→ Recorded data
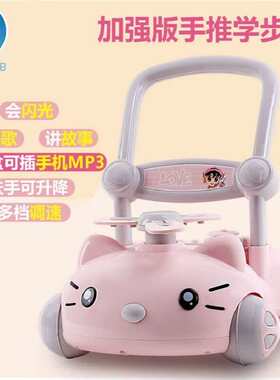 A+B婴儿学步车1-3岁儿童手推车宝宝助步车可调速调高度易收纳防侧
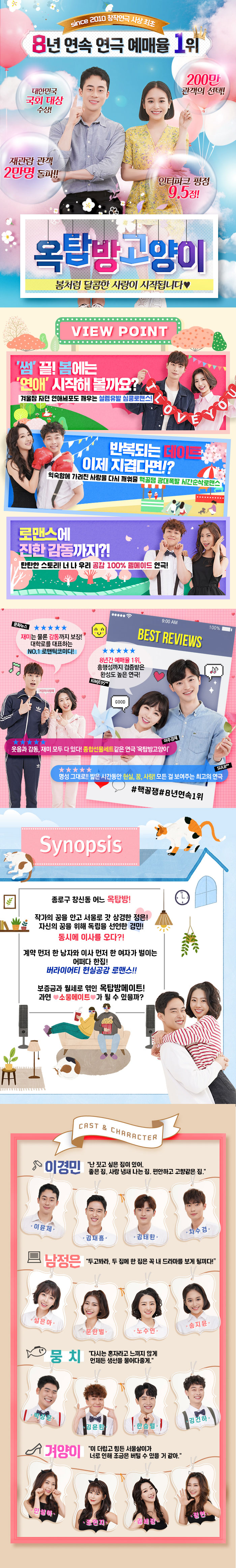 [이벤트] 국내 최고의 연극 〈옥탑방고양이〉 무료 초청(19-0196)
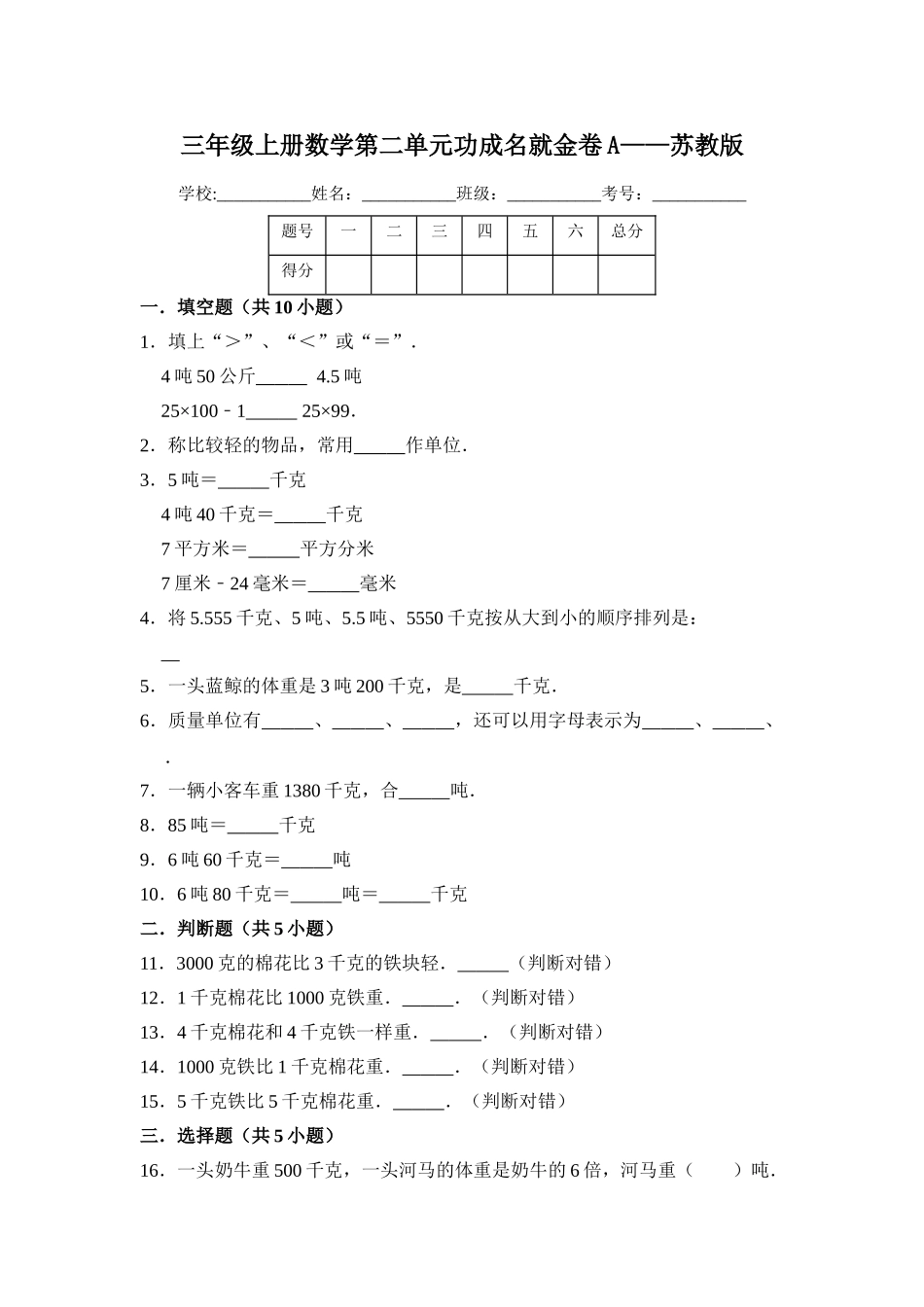 【核心素养卷】三年级上册数学第二单元闯关金卷A 苏教版（含答案）.doc_第1页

→ Instructions to follow
Could you copy the lines above exactly and skip the images?

→ Task result
 A+B婴儿学步车1-3岁儿童手推车宝宝助步车可调速调高度易收纳防侧
 [이벤트] 국내 최고의 연극 〈옥탑방고양이〉 무료 초청(19-0196)
 【核心素养卷】三年级上册数学第二单元闯关金卷A 苏教版（含答案）.doc_第1页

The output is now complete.